Failed to send message to https://platform.example.com/api -- received
- status code : 401
- response msg: Unauthorized Seqera Platform API access -- Make sure you have specified the correct access token
- error cause : <html><head><title>502 Bad Gateway</title></head><body>
<center><h1>502 Bad Gateway</h1></center><hr><center>nginx</center></body></html>
Note the contradictory status code (401) and response body (502 nginx page). The 401 is from the original expired-token request; the 502 HTML is from the failed token refresh attempt against the temporarily-unreachable backend.
Environment
- Nextflow version: 26.03.0-edge (also affects earlier versions using lib-httpx with JWT refresh)
- Java version: OpenJDK 21
- Operating system: Linux (Kubernetes/Fargate, but reproducible on any OS)
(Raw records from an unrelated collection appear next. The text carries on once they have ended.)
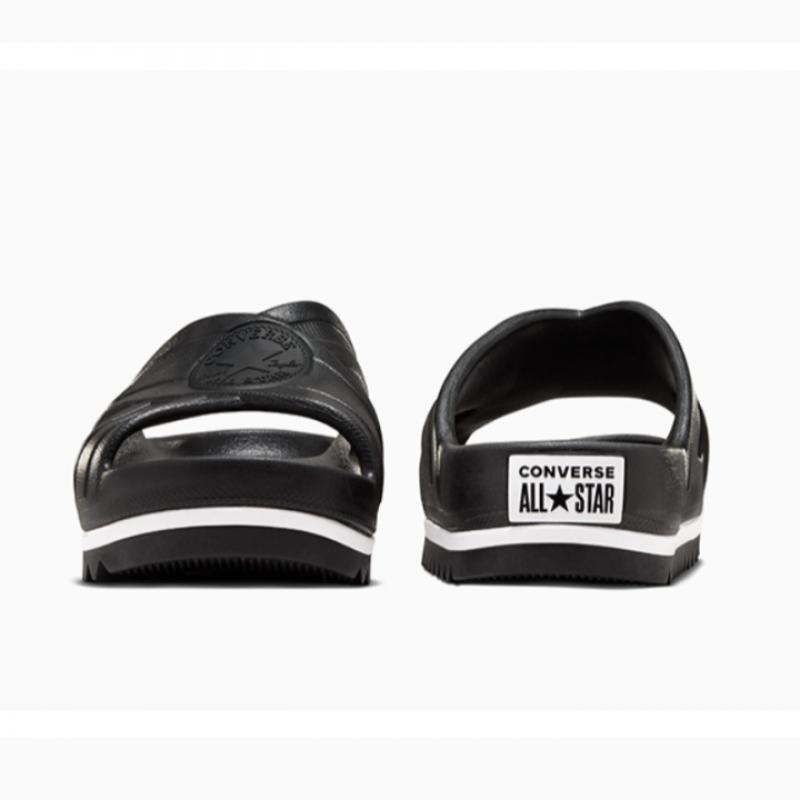 Converse Light Cx Sandal Black A06476c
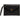 Borse a spalla Donna Pinko - Flat Purse Handle Vitello Seta - Nero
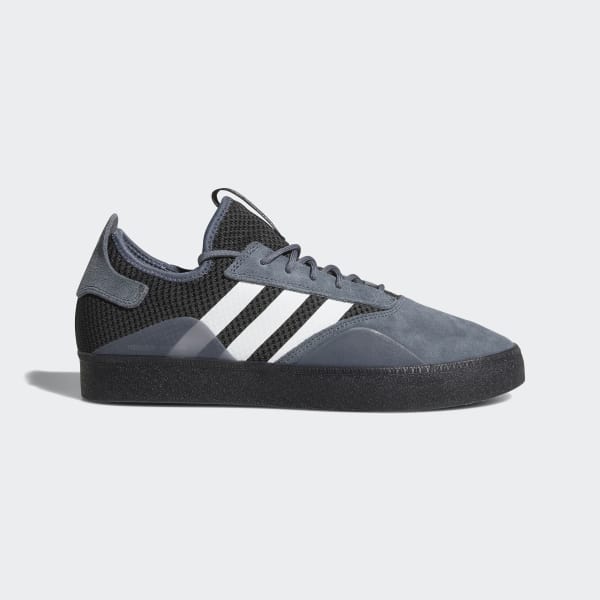 adidas Tenis 3ST.001 - Gris | adidas Colombia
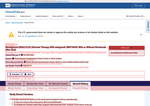 Check dated 2026-06-12T16:47:05.000Z thumbnail image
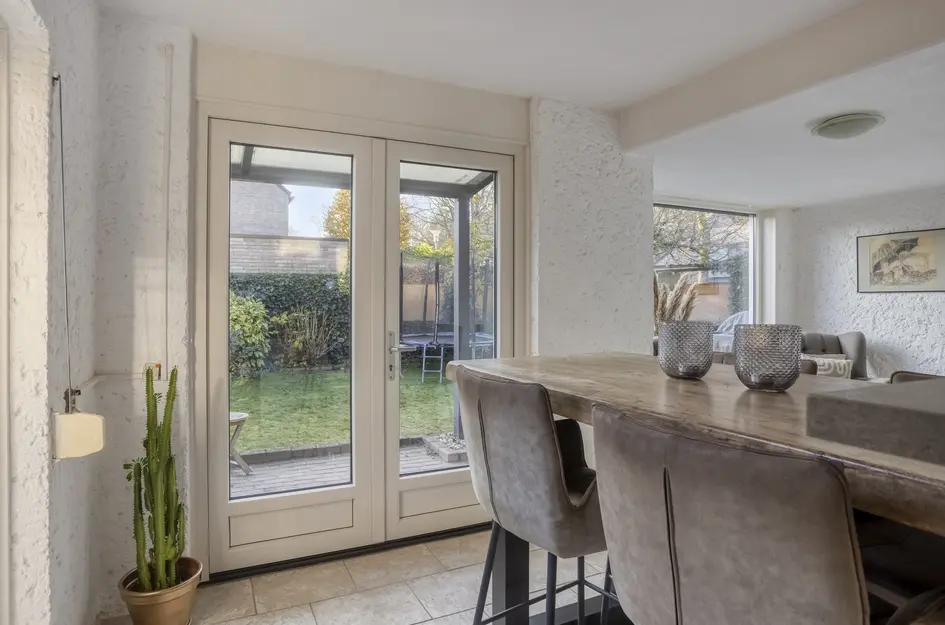 Jacobus van 't Hofflaan 2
- Bash version: N/A (not shell-dependent)
Additional context
Affected code paths:
HxTokenManager.doRefreshToken()inio.seqera:lib-httpx:2.1.0— the primary path used byTowerClientfor heartbeats and progress updates. No retry on non-200 or exception.TowerXAuth.refreshToken()inplugins/nf-tower— the path used byXFileSystemProviderfor HTTP file access. Same issue: returnsfalseon non-200 with no retry.
Suggested fix:
Add retry with exponential backoff to the token refresh path, consistent with how HxClient already retries on 429/500/502/503/504 for normal requests. Something like:
// In HxTokenManager.doRefreshToken()
int maxRetries = 3;
long delay = 1000; // 1 second initial
for (int attempt = 0; attempt <= maxRetries; attempt++) {
try {
var response = httpClient.send(request, HttpResponse.BodyHandlers.ofString());
if (response.statusCode() == 200) {
return handleRefreshResponse(response);
}
if (response.statusCode() == 401 || response.statusCode() == 403) {
// Permanent failure — refresh token is invalid, don't retry
log.warn("Token refresh rejected ({}): {}", response.statusCode(), response.body());
return false;
}
// Transient failure — retry
log.warn("Token refresh attempt {}/{} failed ({}), retrying in {}ms",
attempt + 1, maxRetries, response.statusCode(), delay);
} catch (Exception e) {
log.warn("Token refresh attempt {}/{} failed: {}", attempt + 1, maxRetries, e.getMessage());
}
if (attempt < maxRetries) Thread.sleep(delay);
delay = Math.min(delay * 2, 10_000);
}
return false;Key design point: 401/403 during refresh should NOT be retried (the refresh token itself is invalid), but 502/503/504/timeouts should be retried since they indicate transient infrastructure issues.